SOURCE MATERIAL Start Marker

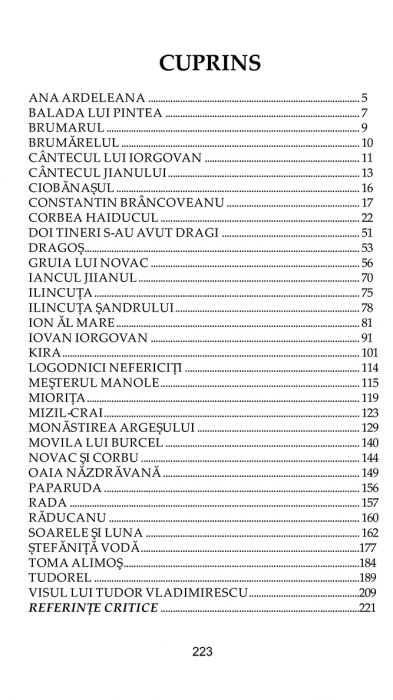 Balade populare romanesti - Miorita [2]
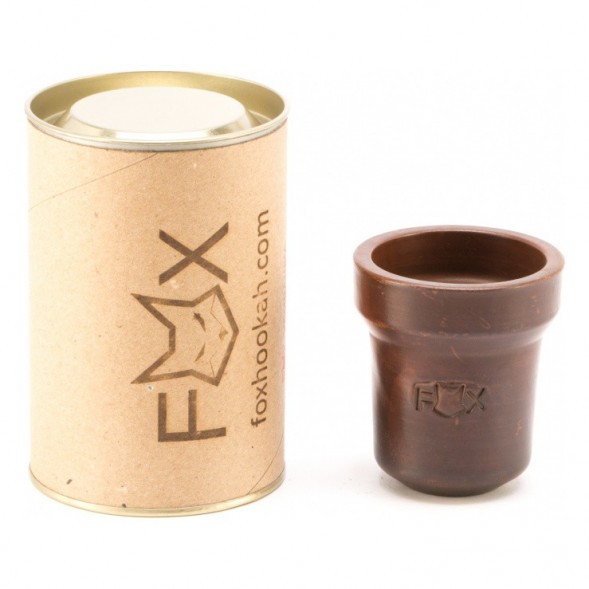 Чаша Fox - Barrel (Бочка) купить в Томске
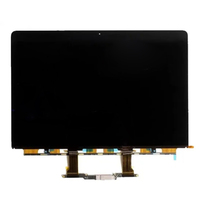 Écran LCD en verre Just Ewin A2337 pour Macbook Air fin 2020 13'' A2337 M1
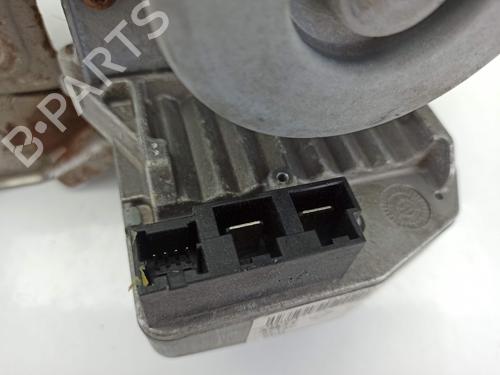 Steering column RENAULT CLIO III (BR0/1, CR0/1)  | BP12550027M21 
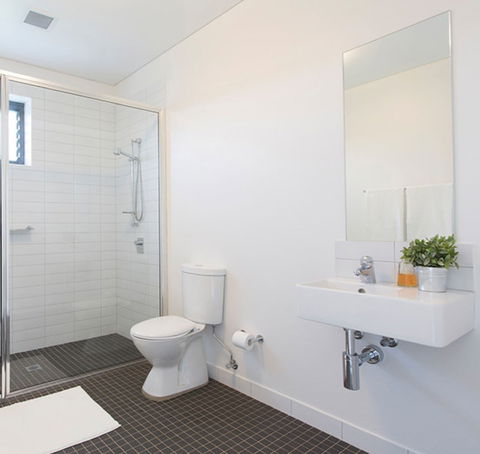 Western Sydney University Village Hawkesbury - Kalgoorlie Accommodation 0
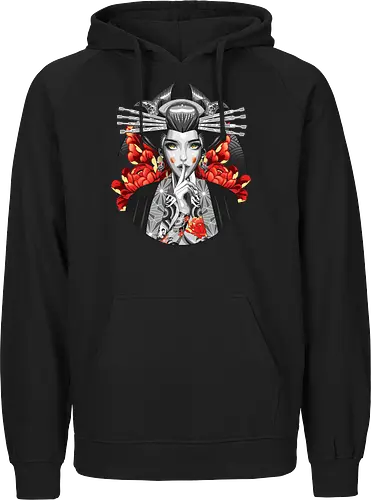 Irezumi Geisha II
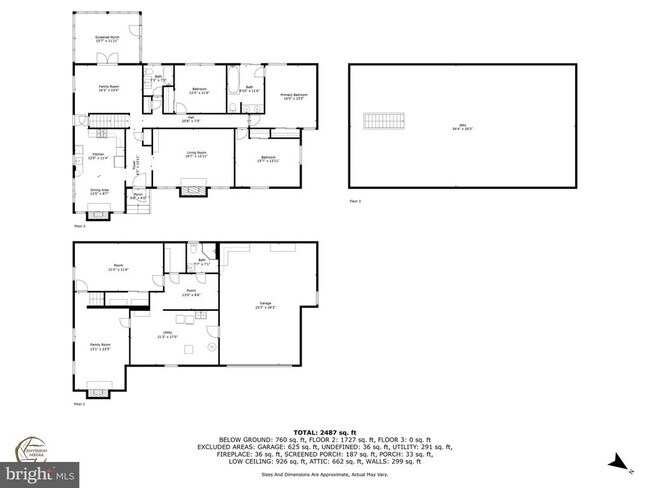 Building Photo - 3548 N Valley St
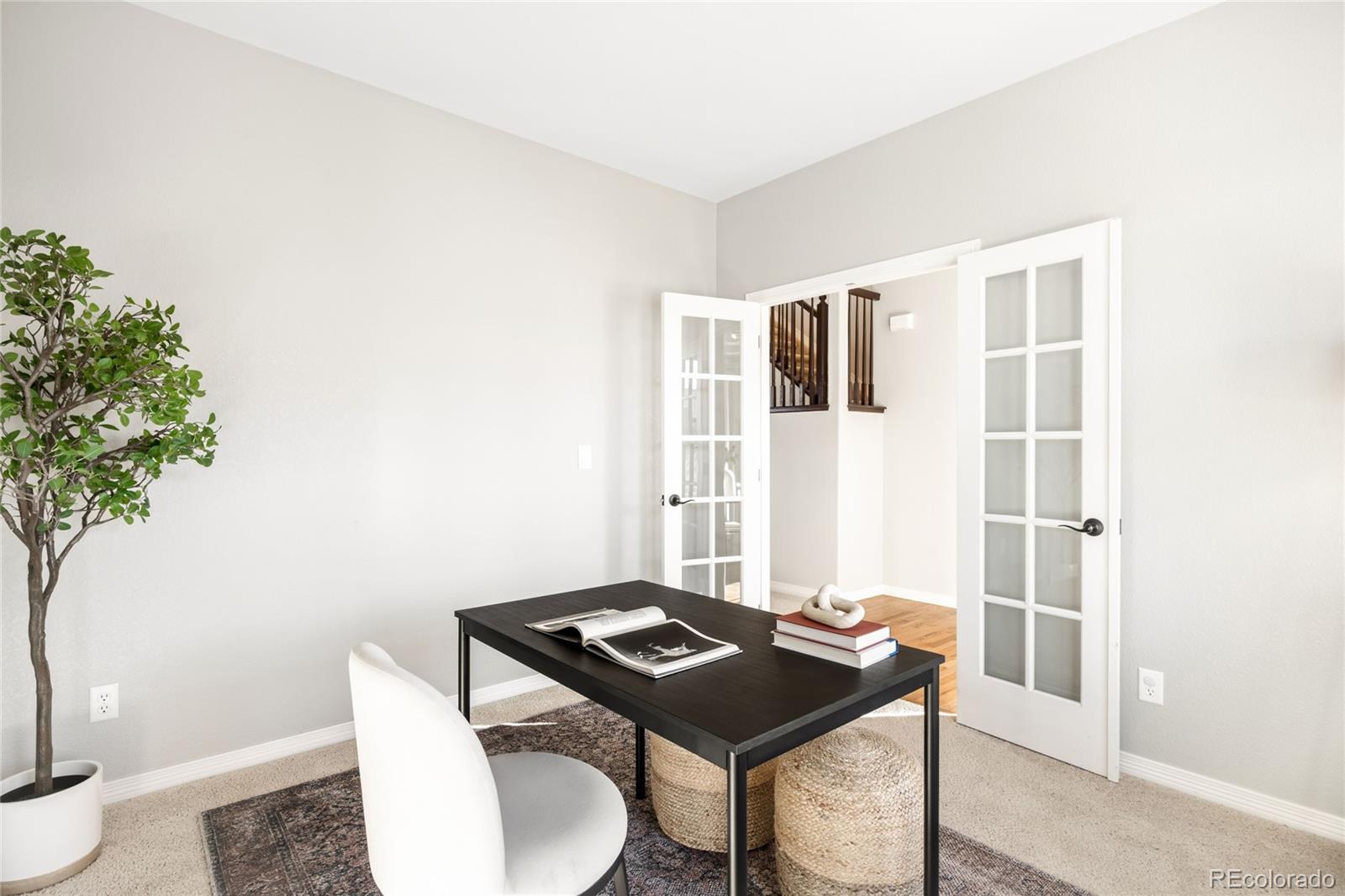 MLS Image #4 for 3304  arroyo verde court,castle rock, Colorado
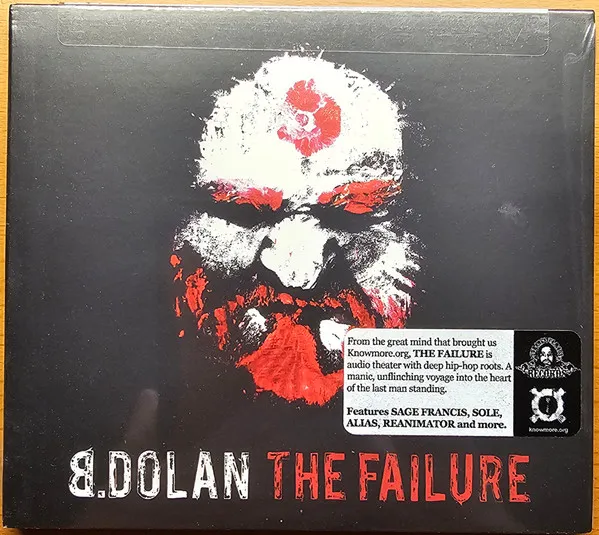 The Failure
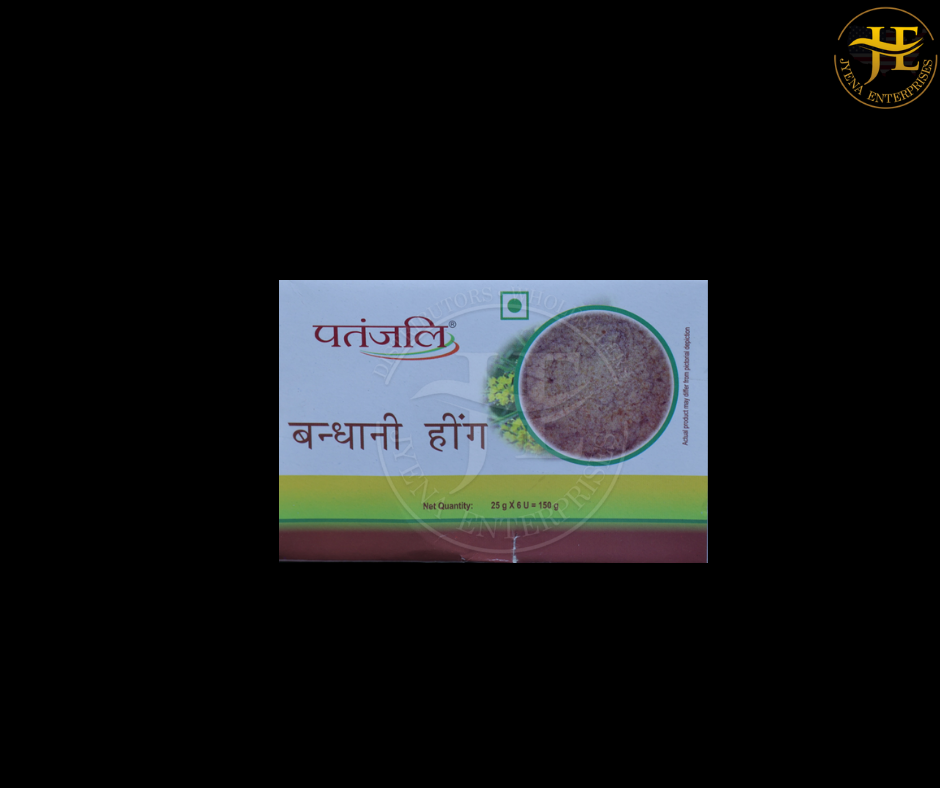 PATANJALI HING - Image 3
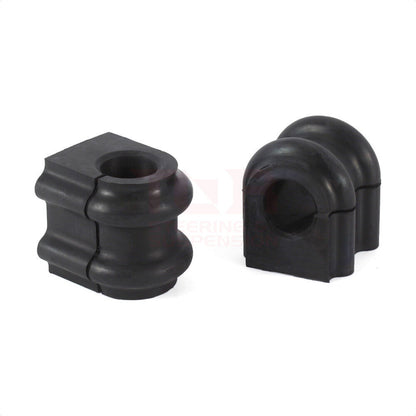 Kit de bagues de barre stabilisatrice de Suspension avant au cadre, pour Hyundai Accent Kia Rio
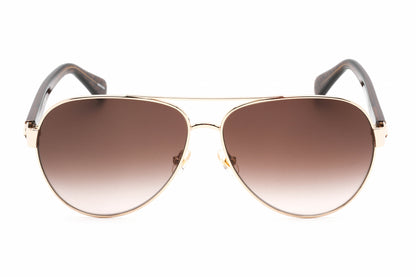 Kate Spade Geneva/s 09qha Sunglasses Brown Size : 59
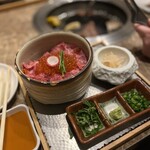 焼肉 悠遊 小郡総本店 - 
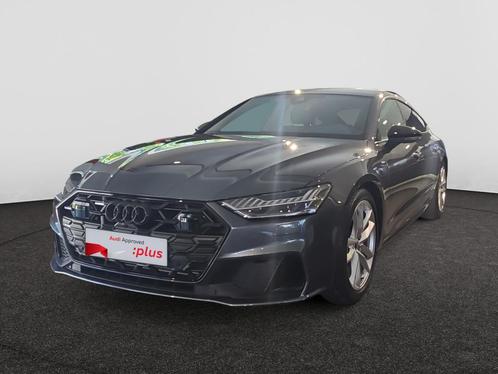 Audi A7 Spotback PHEV A7 Sportback PHEV 55 TFSI e Q Competit, Auto's, Audi, A7, ABS, Airbags, Airconditioning, Cruise Control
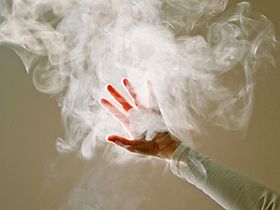 David Avazzadeh a common gesture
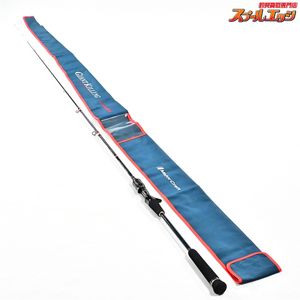 ★☆【メジャークラフト】 ジャイアントキリング タイラバスペック GXJ-B69MLTR/S MajorC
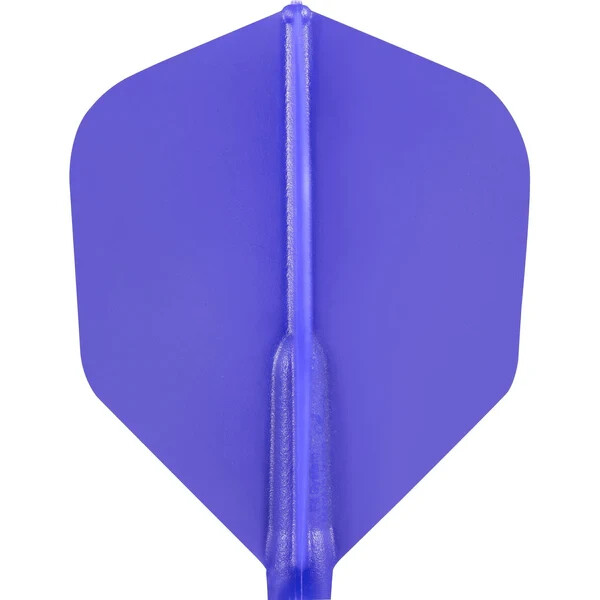 SHAPE BLUE  COSMO FIT FLIGHTS PACK OF 6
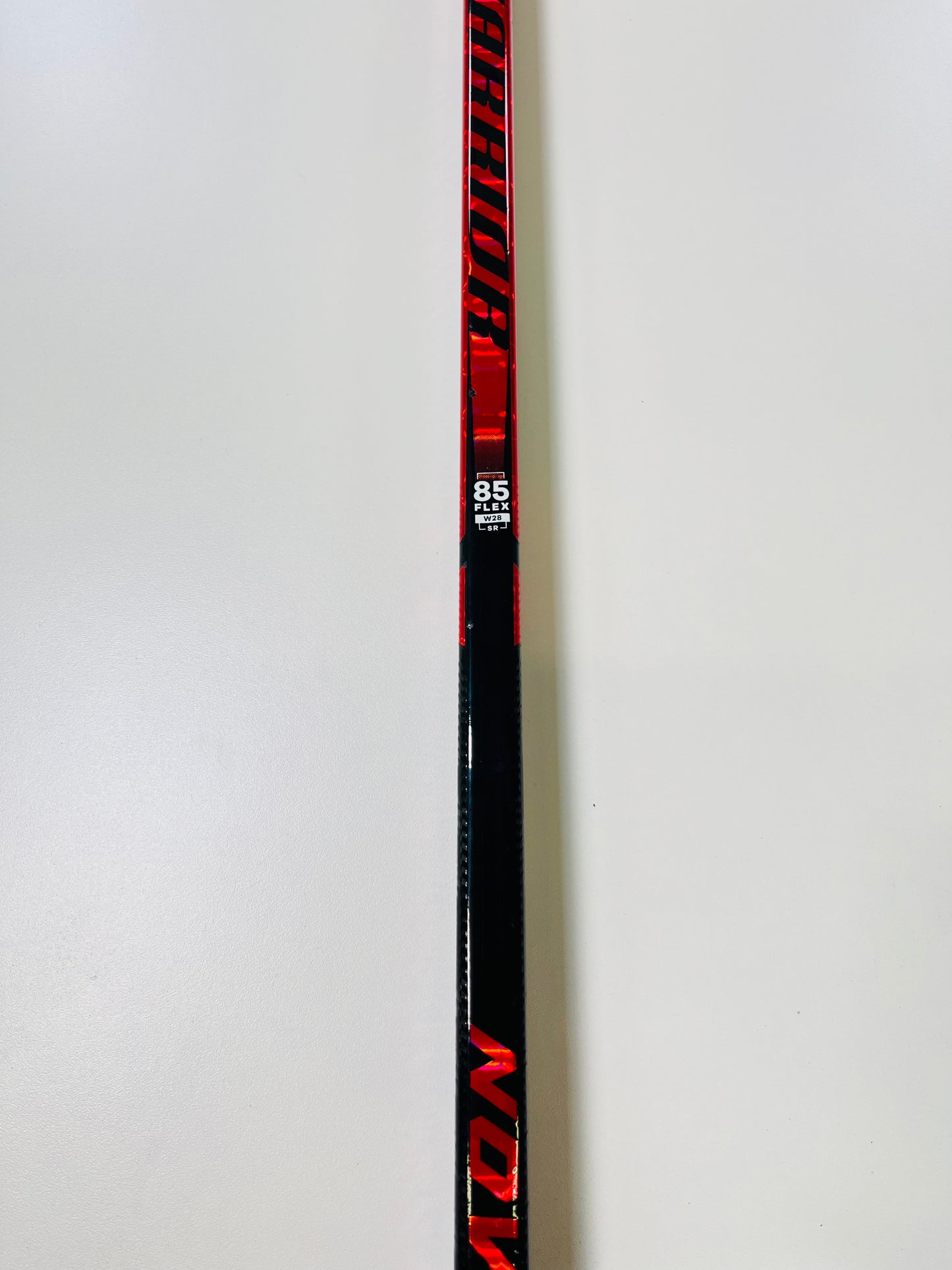 LH Warrior Novium 2 Pro | 85 Flex | P28 | Refurbished | DW-2431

SOURCE MATERIAL End Marker

**EXERCISE GOAL:** Reproduce the material above exactly, but only from the line with "David Avazzadeh a common gesture" through its last line, leaving pictures out.

**SOLUTION BELOW:**
 David Avazzadeh a common gesture
 ★☆【メジャークラフト】 ジャイアントキリング タイラバスペック GXJ-B69MLTR/S MajorC
 SHAPE BLUE  COSMO FIT FLIGHTS PACK OF 6
 LH Warrior Novium 2 Pro | 85 Flex | P28 | Refurbished | DW-2431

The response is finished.